(Scraped caption text data)
┄┄┄┄┄┄┄┄┄┄┄┄┄┄┄┄┄┄┄┄
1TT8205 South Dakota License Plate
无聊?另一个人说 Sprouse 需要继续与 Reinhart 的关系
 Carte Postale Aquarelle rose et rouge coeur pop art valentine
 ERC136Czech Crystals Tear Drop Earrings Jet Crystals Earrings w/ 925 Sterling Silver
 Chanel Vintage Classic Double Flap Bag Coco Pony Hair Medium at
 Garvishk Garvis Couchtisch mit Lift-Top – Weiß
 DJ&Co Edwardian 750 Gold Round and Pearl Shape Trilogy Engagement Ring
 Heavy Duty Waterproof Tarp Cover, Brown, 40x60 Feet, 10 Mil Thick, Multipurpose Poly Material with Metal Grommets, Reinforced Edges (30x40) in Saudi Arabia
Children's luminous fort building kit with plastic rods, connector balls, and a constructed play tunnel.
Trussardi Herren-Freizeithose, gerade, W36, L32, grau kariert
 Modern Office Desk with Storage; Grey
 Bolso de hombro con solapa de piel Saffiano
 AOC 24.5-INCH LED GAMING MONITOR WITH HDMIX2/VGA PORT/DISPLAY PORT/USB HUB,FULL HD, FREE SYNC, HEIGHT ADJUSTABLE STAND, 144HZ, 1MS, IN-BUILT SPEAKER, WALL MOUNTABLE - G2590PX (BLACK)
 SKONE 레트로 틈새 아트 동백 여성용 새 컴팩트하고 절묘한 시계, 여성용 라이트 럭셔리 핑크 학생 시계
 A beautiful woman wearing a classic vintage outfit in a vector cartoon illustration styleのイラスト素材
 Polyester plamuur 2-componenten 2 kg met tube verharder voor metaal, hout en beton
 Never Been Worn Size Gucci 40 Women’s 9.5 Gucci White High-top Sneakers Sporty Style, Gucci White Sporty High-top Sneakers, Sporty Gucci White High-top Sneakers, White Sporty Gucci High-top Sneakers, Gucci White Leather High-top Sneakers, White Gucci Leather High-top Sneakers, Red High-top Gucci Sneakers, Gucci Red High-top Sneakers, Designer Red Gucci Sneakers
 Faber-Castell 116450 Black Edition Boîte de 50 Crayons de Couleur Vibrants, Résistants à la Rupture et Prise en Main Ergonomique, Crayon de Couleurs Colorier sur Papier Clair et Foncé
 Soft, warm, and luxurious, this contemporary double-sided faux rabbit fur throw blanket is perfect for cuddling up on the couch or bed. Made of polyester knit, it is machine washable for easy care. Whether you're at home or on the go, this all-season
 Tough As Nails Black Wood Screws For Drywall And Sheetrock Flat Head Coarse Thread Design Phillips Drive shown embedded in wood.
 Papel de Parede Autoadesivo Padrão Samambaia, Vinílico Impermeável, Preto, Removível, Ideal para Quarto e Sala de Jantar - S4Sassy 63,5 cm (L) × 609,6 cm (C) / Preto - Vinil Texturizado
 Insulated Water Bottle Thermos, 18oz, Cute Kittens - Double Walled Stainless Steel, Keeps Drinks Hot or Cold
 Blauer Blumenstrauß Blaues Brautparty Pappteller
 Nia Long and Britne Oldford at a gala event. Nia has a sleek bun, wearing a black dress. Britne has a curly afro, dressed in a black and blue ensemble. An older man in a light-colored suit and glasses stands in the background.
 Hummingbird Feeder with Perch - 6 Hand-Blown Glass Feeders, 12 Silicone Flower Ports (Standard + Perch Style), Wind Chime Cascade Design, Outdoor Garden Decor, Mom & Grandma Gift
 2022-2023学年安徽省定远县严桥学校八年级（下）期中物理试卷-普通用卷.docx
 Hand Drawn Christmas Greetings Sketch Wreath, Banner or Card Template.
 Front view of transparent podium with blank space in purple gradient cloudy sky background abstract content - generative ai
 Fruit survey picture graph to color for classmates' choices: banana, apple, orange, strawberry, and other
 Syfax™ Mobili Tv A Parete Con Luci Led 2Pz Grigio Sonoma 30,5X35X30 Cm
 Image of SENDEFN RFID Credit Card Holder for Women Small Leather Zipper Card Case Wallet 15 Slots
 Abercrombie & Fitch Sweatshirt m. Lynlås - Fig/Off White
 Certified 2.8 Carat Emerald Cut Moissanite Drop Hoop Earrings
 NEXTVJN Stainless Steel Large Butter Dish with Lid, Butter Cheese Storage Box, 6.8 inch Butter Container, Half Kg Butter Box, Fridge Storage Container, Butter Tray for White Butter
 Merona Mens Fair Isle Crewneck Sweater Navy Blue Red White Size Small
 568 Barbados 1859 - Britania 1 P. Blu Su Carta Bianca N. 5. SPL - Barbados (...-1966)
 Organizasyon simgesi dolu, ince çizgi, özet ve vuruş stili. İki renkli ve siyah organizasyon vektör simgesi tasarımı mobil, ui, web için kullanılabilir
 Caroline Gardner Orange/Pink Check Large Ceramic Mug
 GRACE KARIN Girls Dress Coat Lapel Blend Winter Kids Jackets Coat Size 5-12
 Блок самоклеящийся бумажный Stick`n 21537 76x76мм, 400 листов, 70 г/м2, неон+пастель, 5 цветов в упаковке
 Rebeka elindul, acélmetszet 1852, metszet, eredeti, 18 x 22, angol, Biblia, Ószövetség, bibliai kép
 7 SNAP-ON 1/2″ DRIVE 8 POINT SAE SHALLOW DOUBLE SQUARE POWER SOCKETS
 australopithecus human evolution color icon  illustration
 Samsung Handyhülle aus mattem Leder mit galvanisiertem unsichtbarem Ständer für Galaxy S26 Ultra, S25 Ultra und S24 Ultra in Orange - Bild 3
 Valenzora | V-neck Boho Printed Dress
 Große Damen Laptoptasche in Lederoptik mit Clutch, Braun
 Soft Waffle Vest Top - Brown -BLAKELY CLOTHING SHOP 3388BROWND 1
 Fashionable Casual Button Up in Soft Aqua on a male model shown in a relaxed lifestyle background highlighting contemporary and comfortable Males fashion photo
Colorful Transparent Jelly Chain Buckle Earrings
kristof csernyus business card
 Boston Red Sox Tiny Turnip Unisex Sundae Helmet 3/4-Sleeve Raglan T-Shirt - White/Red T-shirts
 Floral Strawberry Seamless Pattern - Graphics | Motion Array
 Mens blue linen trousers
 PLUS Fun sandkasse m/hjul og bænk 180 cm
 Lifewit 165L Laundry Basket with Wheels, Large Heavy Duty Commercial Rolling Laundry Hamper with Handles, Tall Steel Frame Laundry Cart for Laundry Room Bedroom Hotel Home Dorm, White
┄┄┄┄┄┄┄┄┄┄┄┄┄┄┄┄┄┄┄┄
BRIEF ▸ The answer must hold exactly the lines of the entries above, from the first line through the line that contains "A beautiful woman", and no others.

TASK SOLUTION ▸
1TT8205 South Dakota License Plate
无聊?另一个人说 Sprouse 需要继续与 Reinhart 的关系
 Carte Postale Aquarelle rose et rouge coeur pop art valentine
 ERC136Czech Crystals Tear Drop Earrings Jet Crystals Earrings w/ 925 Sterling Silver
 Chanel Vintage Classic Double Flap Bag Coco Pony Hair Medium at
 Garvishk Garvis Couchtisch mit Lift-Top – Weiß
 DJ&Co Edwardian 750 Gold Round and Pearl Shape Trilogy Engagement Ring
 Heavy Duty Waterproof Tarp Cover, Brown, 40x60 Feet, 10 Mil Thick, Multipurpose Poly Material with Metal Grommets, Reinforced Edges (30x40) in Saudi Arabia
Children's luminous fort building kit with plastic rods, connector balls, and a constructed play tunnel.
Trussardi Herren-Freizeithose, gerade, W36, L32, grau kariert
 Modern Office Desk with Storage; Grey
 Bolso de hombro con solapa de piel Saffiano
 AOC 24.5-INCH LED GAMING MONITOR WITH HDMIX2/VGA PORT/DISPLAY PORT/USB HUB,FULL HD, FREE SYNC, HEIGHT ADJUSTABLE STAND, 144HZ, 1MS, IN-BUILT SPEAKER, WALL MOUNTABLE - G2590PX (BLACK)
 SKONE 레트로 틈새 아트 동백 여성용 새 컴팩트하고 절묘한 시계, 여성용 라이트 럭셔리 핑크 학생 시계
 A beautiful woman wearing a classic vintage outfit in a vector cartoon illustration styleのイラスト素材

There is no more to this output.